As an ISSM, you will oversee a portfolio of FBI IT systems, provide strategic security oversight and ensure compliance with federal cybersecurity policies and risk management frameworks.

You will lead a team of contractor personnel, guide system owners through the SAA lifecycle, and ensure that security controls are properly implemented, assessed, and documented.

This role is critical to safeguarding FBI mission systems and maintaining the integrity of enterprise cybersecurity operations.

GS-13: Applicant must possess at least one (1) year of SE equivalent to the GS-12 grade level.

SE is defined as follows: Hands-on experience supporting cybersecurity compliance and RMF authorization activities for information systems.

Supporting implementation of the NIST Risk Management Framework (RMF) for federal information systems, including documentation, control implementation, and authorization support.

Knowledge of, and experience working with, the Risk Management Framework (RMF) process, either as an ISSO, ISSE, ISSR or another role.

Knowledgeable of assessing the security controls in Federal Information Systems NIST SP 800-53A. Ability to coordinate, prioritize and monitor work, including across multiple projects.

Experience in providing recommendations to senior ISSM's, ISSO's, and ISSM Team on security and engineering projects and initiatives.

GS-14: Applicant must possess at least one (1) year of SE equivalent to the GS-13 grade level.

In addition to the above, SE is defined as follows: Advanced experience leading cybersecurity risk management and authorization activities for federal information systems, lifecycle, including system categorization, security control selection, implementation, assessment, authorization, and continuous monitoring.

Leading Security Assessment and Authorization (A&A) activities and coordinating with System Owners, ISSOs, and Authorizing Officials to obtain and maintain system authorization.

Knowledgeable of the Risk Management Framework NIST Special Publication 800-53 Rev5, FISMA, and its implementation through NIST, CNSS, IC and other government standards Knowledgeable of assessing the security controls in Federal Information Systems NIST SP 800-53A.

Ability to coordinate, prioritize, and monitor work across multiple projects; in addition to providing guidance and recommendations on security and engineering projects and initiatives to leadership.

Desired Skills Desired skills are NOT mandatory and will NOT be utilized to minimally qualify applicants. Desired Skills are: Excellent customer service mindset and reputation.

Experience communicating in writing and orally.

Preferred certification in one or more cybersecurity disciplines (e.g., CISSP, CISM, CCSP, NCSF, etc.) Preferred prior architecture / systems engineering experience.

Preferred prior network, cloud system, and application development experience. Major Duties:

GS-13: Assist System Owners, Program Managers, and ISSOs with Security Assessment and Authorization (A&A) activities and RMF documentation requirements.

Apply federal cybersecurity standards and guidance, including NIST SP 800-53 Rev. 5, NIST SP 800-53A, and FISMA requirements.

Conduct security control assessments, compliance monitoring, and vulnerability tracking in support of system authorization and continuous monitoring programs.

Support risk remediation activities, including tracking and resolving security findings through Plan of Action and Milestones (POA&M).

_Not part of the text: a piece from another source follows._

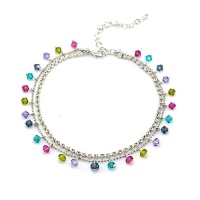 Multi-Colored Pink, Purple, Blue, Green, Smoky Swarovski Faceted Crystal Dangling with Cubic Zirconia CZ on Rhodium Plated Brass Anklet 8.5''-10.5'' - Nickel Free Multi-Colored Pink, Purple, Blue, Green, Smoky Swarovski Faceted Crystal Dangling with Cubic Zirconia CZ on Rhodium Plated Brass Anklet 8.5''-10.5'' - Nickel Free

Coordinate with system stakeholders on configuration management, change management activities, and Configuration Control Board (CCB) participation.

Provide cybersecurity recommendations and guidance to ISSMs, ISSOs, and system stakeholders regarding compliance requirements, security controls, and risk mitigation actions.

GS-14 (In addition to the above): Serve as a senior cybersecurity advisor to leadership, providing recommendations regarding system authorization decisions, risk posture, and security control implementation.

Lead Security Assessment and Authorization (A&A) activities and coordinating with System Owners, ISSOs, and Authorizing Officials to obtain and maintain Authority to Operate (ATO).

Apply and interpret federal cybersecurity standards and policies, including NIST SP 800-53 Rev. 5, NIST SP 800-53A, FISMA, CNSS, and Intelligence Community security guidance.

Manage continuous monitoring programs, including vulnerability management, configuration baseline compliance, and remediation tracking through Plan of Action and Milestones (POA&M).

Coordinate cybersecurity activities across multiple systems or projects simultaneously, ensuring compliance with security policies and operational priorities.

Provide strategic cybersecurity guidance and technical recommendations to senior leaders and stakeholders regarding security engineering initiatives, risk mitigation strategies, and system authorization status.